STARS, SOCKS, AND SOCKETS

As I was writing this, a friend of mine, Gray Kochhar-Lindgren, a philosopher of culture who writes about golf and ghosts, sent me a link to an interview in which another friend of mine, a philosopher of religion and culture, Mark C. Taylor, following Blanchot and Jean Luc-Nancy, makes this statement regarding inter-relational knowledge: – let’s just call it that for lack of imagination right now – “what we have in common is that we have nothing in common.” Taylor’s point is that whatever knowledge is disseminated by academics in whatever form, and with whatever degree of certainty – though he advocates for the dissolution of old-fashioned fetishism with peer reviewed articles and the like that no one reads – should enhance people’s ability to pose questions and produce ideas precisely across disciplines, and also along the lines of what is not given unto ourselves to know.
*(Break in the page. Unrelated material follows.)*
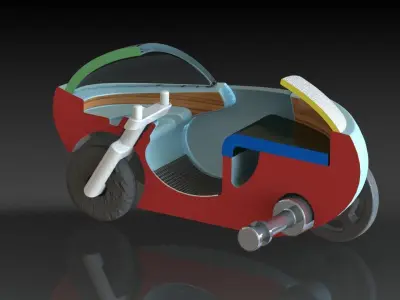 mini-car toy car with wheels and seat Free 3D model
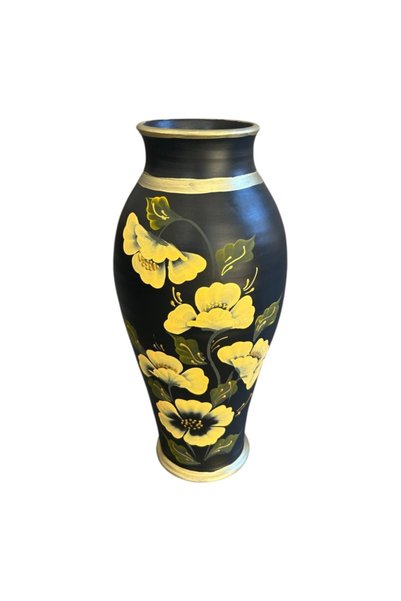 Ceramica Martinescu Vaza mare neagra, 40 cm, pictata manual, decor floral aur...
Taylor wrote many books in which he tackles the question of faith in relation to both certainty and uncertainty. Now I wonder if Vincent is thinking of the same. As with cosmic vibrations, I sense that someone is following someone else. Faithfully. Some stepping into others’ footprints (material or immaterial, as the case may be) is going on. I wonder what socks Vincent is wearing. Or what socket he is plugged into right now.